Figure D.1 Configuration of NIC switching mode before change

When rebooting the system with a failure of NIC or system boards, delete the network configuration file (/etc/hostname.interface file or /etc/hostname6.interface file) according to the following procedure. After that, reboot the system by creating the network configuration files of a physical interface without any failure, or restore the service using the svcadm(1M) command.

Recovery procedure

  1. Change the network configuration file of the physical interface with a failure to the network configuration file of the physical interface without any failure.

    # mv /etc/hostname.hme0 /etc/hostname.hme3
    # mv /etc/hostname.hme1 /etc/hostname.hme2
  2. Reboot the system or restore the network service.

    # /usr/sbin/shutdown -y -i6 -g0

    Or,

    # svcadm clear svc:/network/physical

See

For details on the svcadm(1M) command, refer to the Solaris manual.

Change process to recommended environment

If the network configuration files are created only for one system board in the case of Figure D.1 Configuration of NIC switching mode before change, it is recommended to change the environment for the Primary interface for each system board as shown in Figure D.2 Configuration of NIC switching mode after change.

Figure D.2 Configuration of NIC switching mode after change

Procedure for setting up is as follows:

  1. Stop the HUB monitoring function.

    # /opt/FJSVhanet/usr/sbin/hanetpoll off
  2. Deactivate all virtual interfaces.

    # /opt/FJSVhanet/usr/sbin/stphanet
  3. Change the configuration information.
    Switch the redundant physical interfaces (Primary:hme1 and Secondary:hme2) in sha1 by executing the hanetconfig modify command.

    # /opt/FJSVhanet/usr/sbin/hanetconfig modify -n sha1 -t hme2,hme1
  4. Rename the /etc/hostname.*** file.
    In accordance with switch of redundant physical interfaces, rename the file from /etc/hostname.hme1 to /etc/hostname.hme2. In addition.
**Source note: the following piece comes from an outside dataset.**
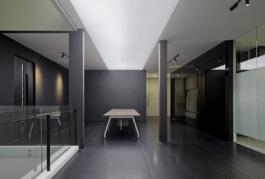 budipradono architects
It is not necessary to execute the following procedure when changing the network configuration files in recovery procedure.

    # mv /etc/hostname.hme1 /etc/hostname.hme2
  5. Reboot the system.

    # /usr/sbin/shutdown -y -g0 -i6

D.2.2.8 Services of Redundant Line Control function cannot be started (when inconsistency of file system occurred)

Phenomenon:

When /opt cannot be mounted at system startup in the Solaris 10 OS, the following message will be output and the services for Redundant Line Control function may not start.

hanet: ERROR: 98400: file system is inconsistent. (details)
Cause and how to deal with:

Since the inconsistency of the /opt file system was detected at the startup of GLS service, the startup stopped.
Make sure that the inconsistency of the /opt file system is resolved and /opt is mounted. After that, perform one of the actions:

  • Staring the system again

  • Starting GLS service

    # svcadm clear fjsvhanet

If the operation is not started normally after starting GLS service, the TCP/IP application that uses Redundant Line Control function may have failed to start. Start the system again.